**INFORMATION PROVIDED:**
------

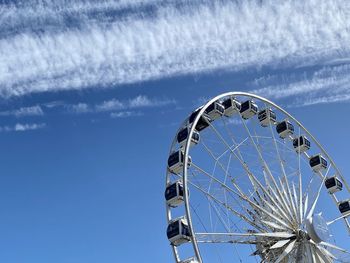 Low angle view of ferris wheel against sky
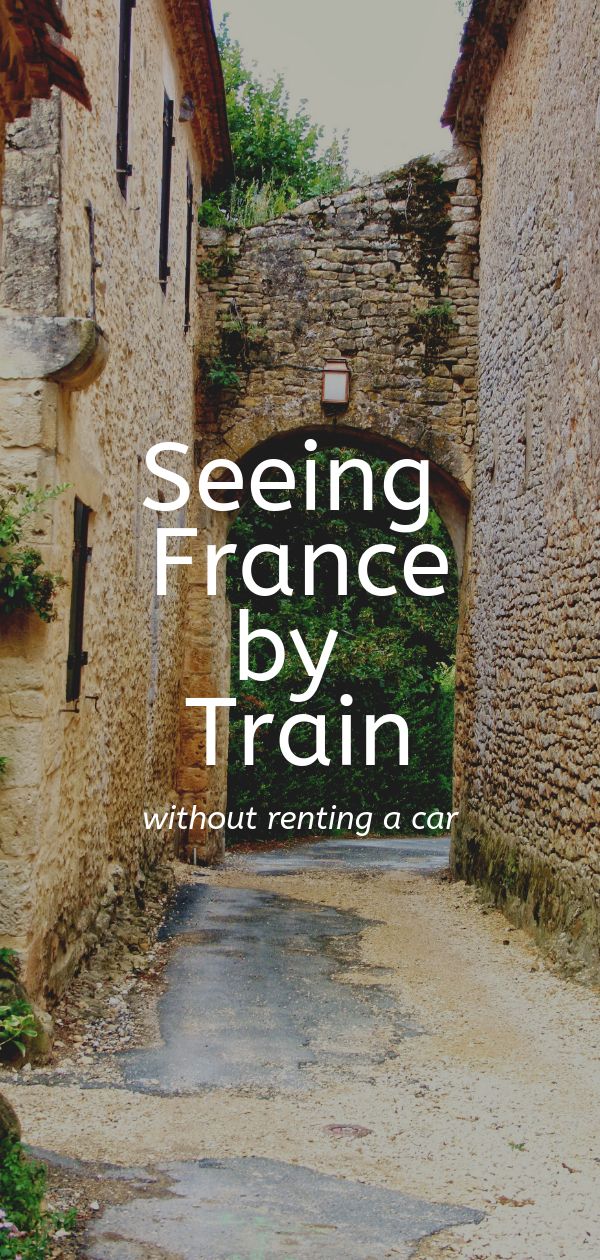 an alley way with the words seeing france by train written in white on it,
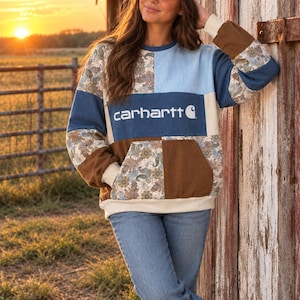Puede incluir: Una sudadera de manga larga con un diseño de patchwork de paneles de tela en azul claro, azul oscuro, marrón y crema, mezclados con un estampado de cachemira multicolor. El centro del pecho muestra la palabra carhartt en blanco.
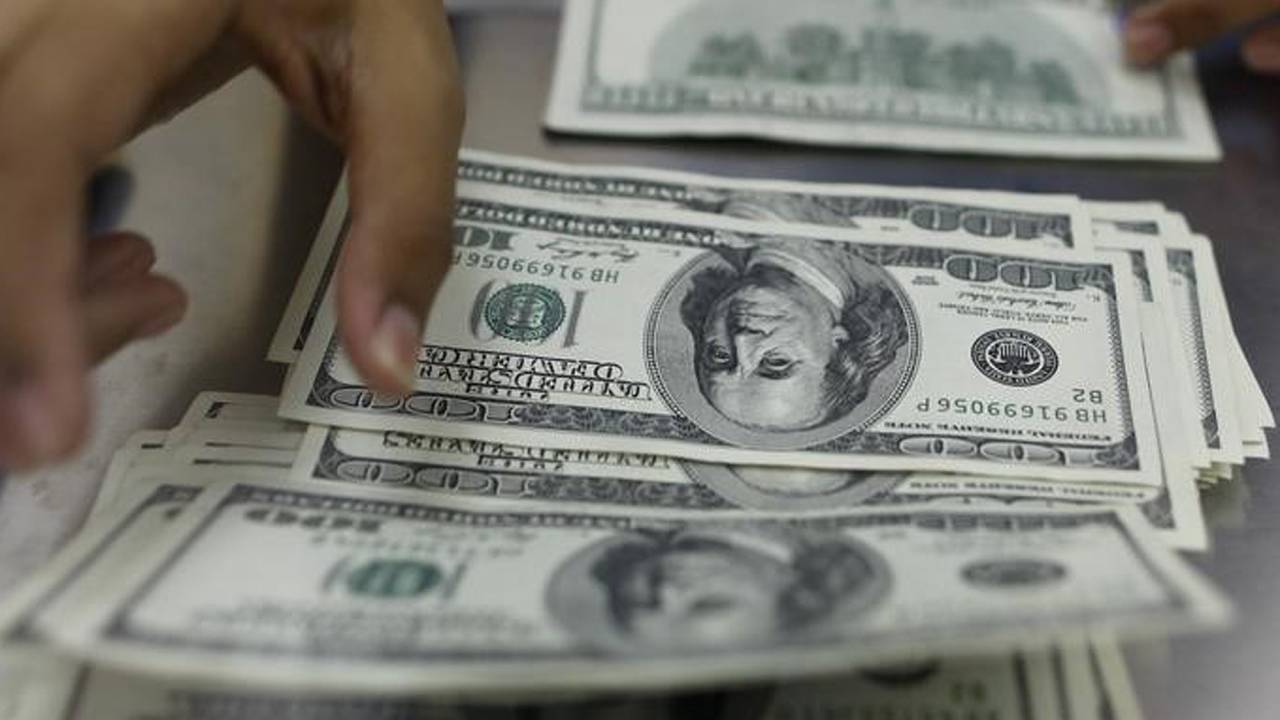 Mulher conta notas de dólar norte-americano em casa de câmbio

------

**AIM OF THE EXERCISE:**
Nothing but the pictures is to be left out; the rest of the listing should be copied exactly.

**TASK ANSWER:**
 Low angle view of ferris wheel against sky
 an alley way with the words seeing france by train written in white on it,
Puede incluir: Una sudadera de manga larga con un diseño de patchwork de paneles de tela en azul claro, azul oscuro, marrón y crema, mezclados con un estampado de cachemira multicolor. El centro del pecho muestra la palabra carhartt en blanco.
 Mulher conta notas de dólar norte-americano em casa de câmbio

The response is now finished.